NSAIDs Flashcards
How do NSAIDs work?
inhibition of cyclo-oxygenase enzyme (COX)
What does COX enzyme do?
metabolizes arachidonic acid (fatty acid component of membranes) to ultimately prostanoids (PGD2, PGE2, PGF2a, PGI2, and TXA2)
What is COX-1?
found in stomach, colon, kidney, vascular smooth m, and platelets (involved in “housekeeping” functions of prostanoids
What is COX-2?
involved in inflammatory responses, fever, and algesia. also expressed in blood vessels, kidney, heart, and brain
What’s significant about the actions of prostanoids and leukotrienes?

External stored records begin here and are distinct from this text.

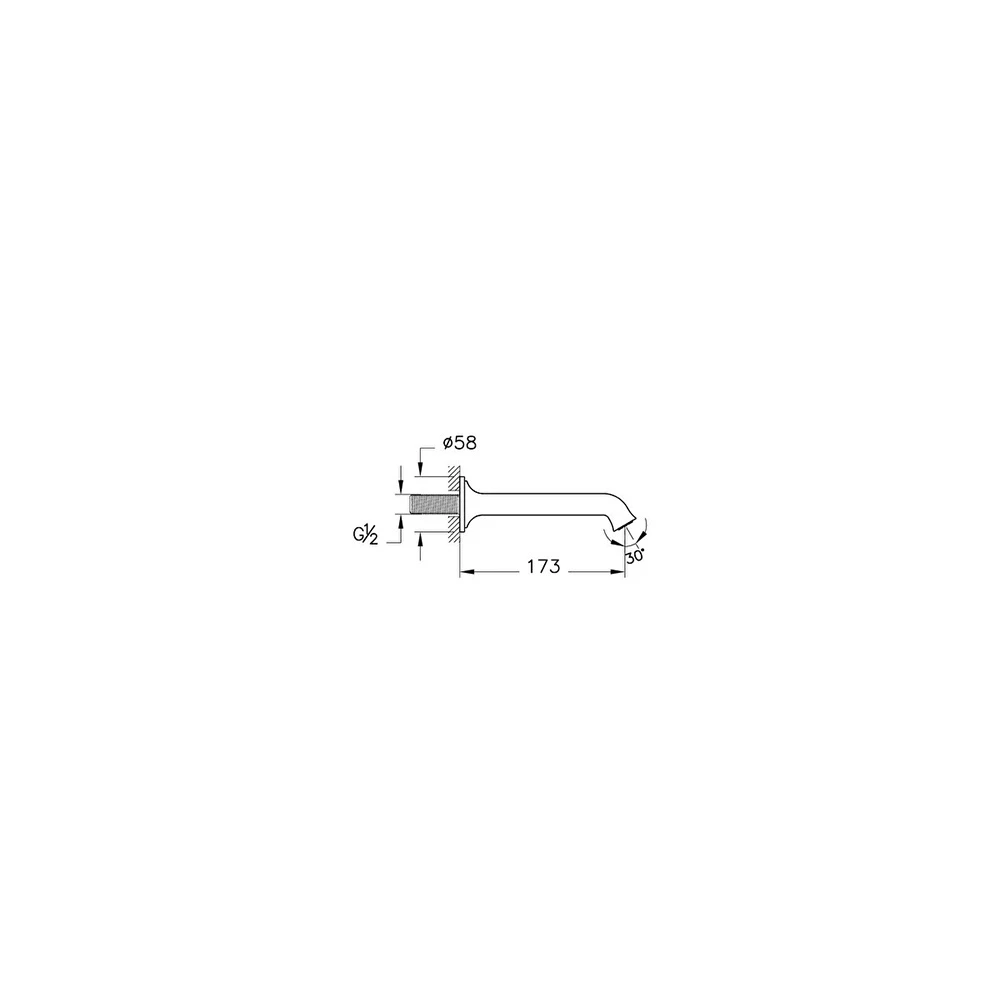Vitra Origin Classic Çıkış Ucu A42899 2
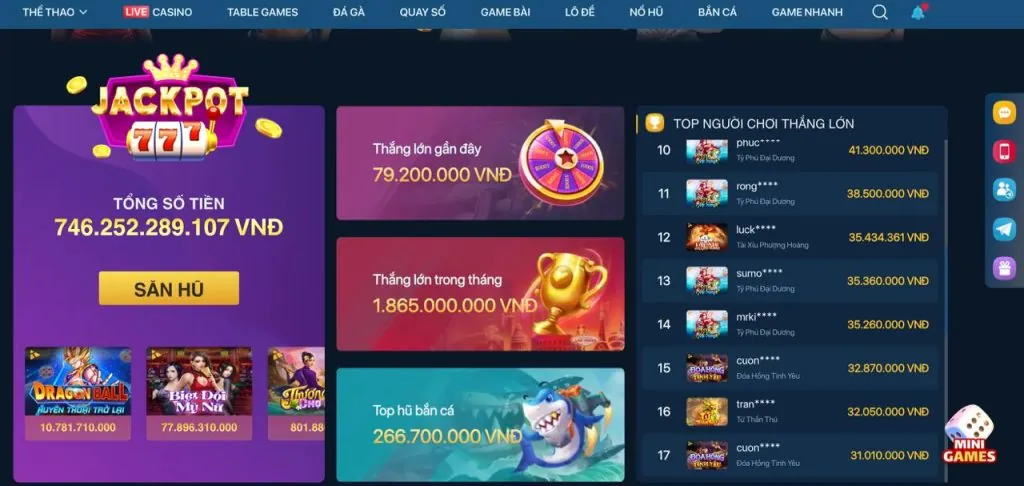 Trải nghiệm casino trực tuyến 3hu88
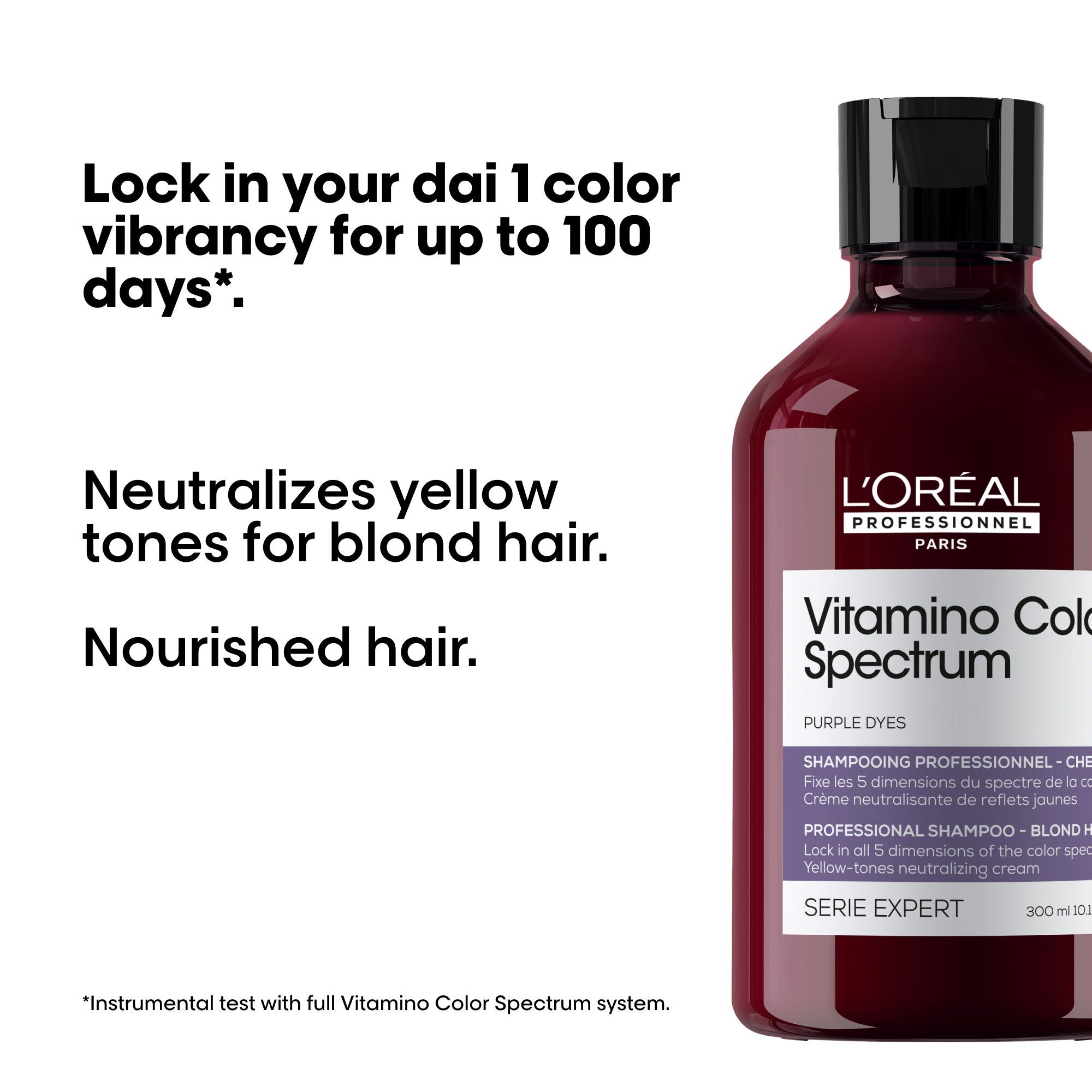 L'Or&eacute;al Professionnel Vitamino Color Spectrum Purple Shampoo 300ml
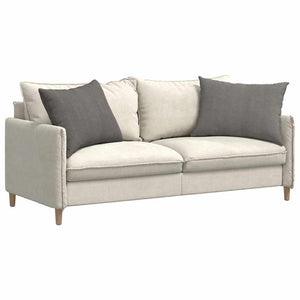 Cuscini da Divano 2 pz-Set di 2 Cuscini per Sofa Grigio chiaro 70 x 50 cm 201592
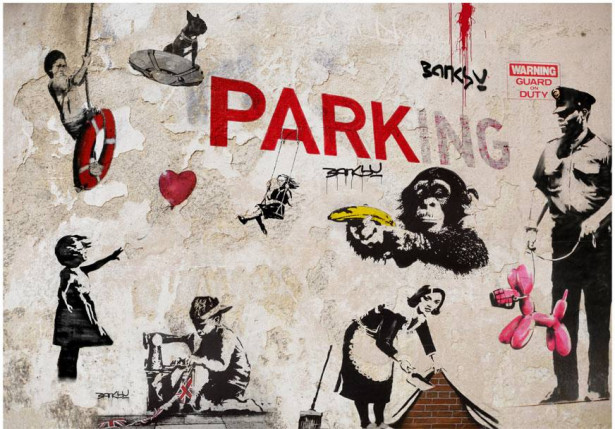 Kuvatapetti Artgeist Banksy and Graffiti Collage, eri kokoja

tend to cause opposing effects (vasodilation/vasoconstriction, promotoe or inhibit platelet aggregation, etc)
What can the anti-inflammatory effects of NSAIDs be attributed to?
inhibition of COX-2
Which prostanoids have inflammatory effects?
all of them
How do NSAIDs combat inflammation?
reduce vasodilation, edema, and pain, ACUTE phase (vs, corticosteroids that inhibit all stages)

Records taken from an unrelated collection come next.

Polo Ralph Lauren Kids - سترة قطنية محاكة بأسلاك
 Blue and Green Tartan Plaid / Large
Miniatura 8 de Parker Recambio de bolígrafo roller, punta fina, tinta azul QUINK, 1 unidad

What sort of dosage do the anti-inflammatory effects of NSAIDs require?
significantly higher doses
What does the low pH of inflammatory milieu lead to?
increased intracellular concentrations of NSAIDs (ion trapping of an acidic drug)
What causes the analgesic effects of NSAIDs?
inhibition of COX-2 which prevents formation of prostaglandins (PGE2) at peripheral sites
What types of pain are NSAIDs effective vs?
chronic post-operative, pain from inflammation, integumental pain, PMS HA, myalgia) achieved with “ordinary” doses of NSAIDs
What don’t NSAIDs do?
not effective against some types of pain, don’t alter sensory perceptions, don’t cause physical dependence.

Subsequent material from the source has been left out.